Exercise instructions:
Reproduce exactly the line with "Inside our Wrapped Email Build" and all the lines beneath it, stopping only at the end of the material.

Information given:
..........

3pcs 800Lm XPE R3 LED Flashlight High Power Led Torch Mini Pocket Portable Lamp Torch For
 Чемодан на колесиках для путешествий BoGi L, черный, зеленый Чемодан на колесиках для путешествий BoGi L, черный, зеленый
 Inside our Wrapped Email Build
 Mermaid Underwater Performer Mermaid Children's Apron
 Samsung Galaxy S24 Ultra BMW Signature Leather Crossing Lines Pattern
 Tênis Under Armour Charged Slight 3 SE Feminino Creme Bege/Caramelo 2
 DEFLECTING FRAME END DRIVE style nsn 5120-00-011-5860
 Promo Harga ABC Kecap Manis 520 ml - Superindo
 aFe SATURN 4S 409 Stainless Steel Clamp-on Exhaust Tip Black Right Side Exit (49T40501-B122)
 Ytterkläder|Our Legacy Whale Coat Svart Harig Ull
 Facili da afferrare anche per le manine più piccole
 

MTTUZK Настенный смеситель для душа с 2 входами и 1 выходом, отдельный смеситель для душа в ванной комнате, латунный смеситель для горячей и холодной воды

..........

Solution for this problem:
 Inside our Wrapped Email Build
 Mermaid Underwater Performer Mermaid Children's Apron
 Samsung Galaxy S24 Ultra BMW Signature Leather Crossing Lines Pattern
 Tênis Under Armour Charged Slight 3 SE Feminino Creme Bege/Caramelo 2
 DEFLECTING FRAME END DRIVE style nsn 5120-00-011-5860
 Promo Harga ABC Kecap Manis 520 ml - Superindo
 aFe SATURN 4S 409 Stainless Steel Clamp-on Exhaust Tip Black Right Side Exit (49T40501-B122)
 Ytterkläder|Our Legacy Whale Coat Svart Harig Ull
 Facili da afferrare anche per le manine più piccole
 

MTTUZK Настенный смеситель для душа с 2 входами и 1 выходом, отдельный смеситель для душа в ванной комнате, латунный смеситель для горячей и холодной воды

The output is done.